(Supplied material Opens)
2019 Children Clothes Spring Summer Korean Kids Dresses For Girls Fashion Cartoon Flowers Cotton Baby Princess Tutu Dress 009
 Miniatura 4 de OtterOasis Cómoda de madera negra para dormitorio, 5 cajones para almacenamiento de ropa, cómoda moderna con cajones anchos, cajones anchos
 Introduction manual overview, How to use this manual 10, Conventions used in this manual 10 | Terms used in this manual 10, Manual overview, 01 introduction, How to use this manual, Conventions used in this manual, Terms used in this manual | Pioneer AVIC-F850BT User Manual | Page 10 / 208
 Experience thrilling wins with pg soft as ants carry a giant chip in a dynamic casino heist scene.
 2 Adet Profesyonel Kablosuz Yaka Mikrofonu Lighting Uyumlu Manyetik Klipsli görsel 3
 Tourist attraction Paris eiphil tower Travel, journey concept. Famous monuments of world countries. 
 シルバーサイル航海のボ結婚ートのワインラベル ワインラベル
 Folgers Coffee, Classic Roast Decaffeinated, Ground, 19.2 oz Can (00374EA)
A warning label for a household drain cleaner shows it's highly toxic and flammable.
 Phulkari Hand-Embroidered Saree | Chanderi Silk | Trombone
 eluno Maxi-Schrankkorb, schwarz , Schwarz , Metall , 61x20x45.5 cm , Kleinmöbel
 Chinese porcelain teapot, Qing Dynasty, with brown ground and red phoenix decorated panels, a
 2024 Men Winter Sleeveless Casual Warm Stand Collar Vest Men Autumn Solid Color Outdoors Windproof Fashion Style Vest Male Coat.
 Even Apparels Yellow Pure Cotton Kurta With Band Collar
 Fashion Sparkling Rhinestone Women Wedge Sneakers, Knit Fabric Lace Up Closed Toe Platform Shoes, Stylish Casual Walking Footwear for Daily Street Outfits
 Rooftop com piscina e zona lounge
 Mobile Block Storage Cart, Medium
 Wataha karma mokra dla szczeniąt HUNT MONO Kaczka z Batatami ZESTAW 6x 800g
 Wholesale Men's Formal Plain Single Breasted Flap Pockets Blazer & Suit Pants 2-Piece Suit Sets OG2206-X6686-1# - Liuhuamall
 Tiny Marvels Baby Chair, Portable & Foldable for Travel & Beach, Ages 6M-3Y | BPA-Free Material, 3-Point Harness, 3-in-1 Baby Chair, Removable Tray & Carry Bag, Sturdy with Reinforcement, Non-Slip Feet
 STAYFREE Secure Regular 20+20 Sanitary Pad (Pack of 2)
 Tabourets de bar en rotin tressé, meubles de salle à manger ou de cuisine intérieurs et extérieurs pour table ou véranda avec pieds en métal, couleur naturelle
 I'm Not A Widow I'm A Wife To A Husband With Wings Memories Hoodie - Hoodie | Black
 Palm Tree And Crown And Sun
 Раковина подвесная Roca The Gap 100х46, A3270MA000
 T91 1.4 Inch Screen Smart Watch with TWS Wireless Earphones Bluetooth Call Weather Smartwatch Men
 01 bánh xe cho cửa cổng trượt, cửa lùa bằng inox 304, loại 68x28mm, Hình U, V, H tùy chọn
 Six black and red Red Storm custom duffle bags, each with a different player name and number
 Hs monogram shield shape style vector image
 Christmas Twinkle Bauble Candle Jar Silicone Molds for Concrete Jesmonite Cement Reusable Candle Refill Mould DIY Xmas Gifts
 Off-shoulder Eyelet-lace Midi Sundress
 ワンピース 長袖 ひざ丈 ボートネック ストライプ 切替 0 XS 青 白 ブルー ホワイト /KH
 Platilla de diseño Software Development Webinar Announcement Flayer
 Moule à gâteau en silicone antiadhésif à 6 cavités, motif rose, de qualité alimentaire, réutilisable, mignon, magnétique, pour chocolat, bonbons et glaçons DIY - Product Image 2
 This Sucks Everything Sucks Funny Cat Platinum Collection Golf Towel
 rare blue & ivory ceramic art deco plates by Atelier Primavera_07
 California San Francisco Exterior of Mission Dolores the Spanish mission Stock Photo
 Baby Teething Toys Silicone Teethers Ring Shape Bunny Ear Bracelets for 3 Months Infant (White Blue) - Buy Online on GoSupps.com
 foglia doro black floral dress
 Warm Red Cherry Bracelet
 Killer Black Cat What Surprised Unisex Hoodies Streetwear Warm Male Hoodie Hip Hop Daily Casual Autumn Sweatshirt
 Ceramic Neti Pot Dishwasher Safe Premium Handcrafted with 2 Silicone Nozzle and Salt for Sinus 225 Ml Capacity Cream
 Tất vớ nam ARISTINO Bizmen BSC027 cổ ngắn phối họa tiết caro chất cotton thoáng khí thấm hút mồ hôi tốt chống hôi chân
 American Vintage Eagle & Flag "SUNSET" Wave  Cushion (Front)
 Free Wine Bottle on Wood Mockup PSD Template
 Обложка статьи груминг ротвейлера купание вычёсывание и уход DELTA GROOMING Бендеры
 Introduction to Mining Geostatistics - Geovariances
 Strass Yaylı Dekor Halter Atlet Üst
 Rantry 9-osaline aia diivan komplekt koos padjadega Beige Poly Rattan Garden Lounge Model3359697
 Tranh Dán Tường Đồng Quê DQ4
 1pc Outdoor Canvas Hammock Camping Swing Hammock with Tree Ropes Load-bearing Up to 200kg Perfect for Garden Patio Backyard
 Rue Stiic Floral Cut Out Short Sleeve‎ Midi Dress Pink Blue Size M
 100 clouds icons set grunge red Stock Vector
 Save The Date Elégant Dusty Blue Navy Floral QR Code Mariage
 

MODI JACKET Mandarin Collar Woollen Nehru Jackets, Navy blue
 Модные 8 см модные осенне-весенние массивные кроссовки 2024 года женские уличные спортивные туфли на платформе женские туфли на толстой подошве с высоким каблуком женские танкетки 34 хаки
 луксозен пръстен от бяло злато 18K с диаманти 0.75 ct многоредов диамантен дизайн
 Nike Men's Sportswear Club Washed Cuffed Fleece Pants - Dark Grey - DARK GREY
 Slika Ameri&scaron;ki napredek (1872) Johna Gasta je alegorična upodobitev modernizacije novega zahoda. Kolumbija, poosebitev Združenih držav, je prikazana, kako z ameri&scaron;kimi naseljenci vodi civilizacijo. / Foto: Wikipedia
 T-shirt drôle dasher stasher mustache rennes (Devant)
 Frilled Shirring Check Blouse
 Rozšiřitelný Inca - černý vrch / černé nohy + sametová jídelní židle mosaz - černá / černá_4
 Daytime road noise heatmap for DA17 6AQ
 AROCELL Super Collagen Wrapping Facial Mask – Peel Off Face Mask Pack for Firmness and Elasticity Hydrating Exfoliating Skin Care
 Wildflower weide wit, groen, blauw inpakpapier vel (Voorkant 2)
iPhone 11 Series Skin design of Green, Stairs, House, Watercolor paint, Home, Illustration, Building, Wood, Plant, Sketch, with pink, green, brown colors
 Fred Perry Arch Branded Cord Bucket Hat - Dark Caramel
(Supplied material Closes)
Action item. Scan the listing above for the line that has "Tourist attraction Paris", then copy exactly from that line through the line that has "Mobile Block Storage Cart, Medium".

Solution for this problem.
 Tourist attraction Paris eiphil tower Travel, journey concept. Famous monuments of world countries. 
 シルバーサイル航海のボ結婚ートのワインラベル ワインラベル
 Folgers Coffee, Classic Roast Decaffeinated, Ground, 19.2 oz Can (00374EA)
A warning label for a household drain cleaner shows it's highly toxic and flammable.
 Phulkari Hand-Embroidered Saree | Chanderi Silk | Trombone
 eluno Maxi-Schrankkorb, schwarz , Schwarz , Metall , 61x20x45.5 cm , Kleinmöbel
 Chinese porcelain teapot, Qing Dynasty, with brown ground and red phoenix decorated panels, a
 2024 Men Winter Sleeveless Casual Warm Stand Collar Vest Men Autumn Solid Color Outdoors Windproof Fashion Style Vest Male Coat.
 Even Apparels Yellow Pure Cotton Kurta With Band Collar
 Fashion Sparkling Rhinestone Women Wedge Sneakers, Knit Fabric Lace Up Closed Toe Platform Shoes, Stylish Casual Walking Footwear for Daily Street Outfits
 Rooftop com piscina e zona lounge
 Mobile Block Storage Cart, Medium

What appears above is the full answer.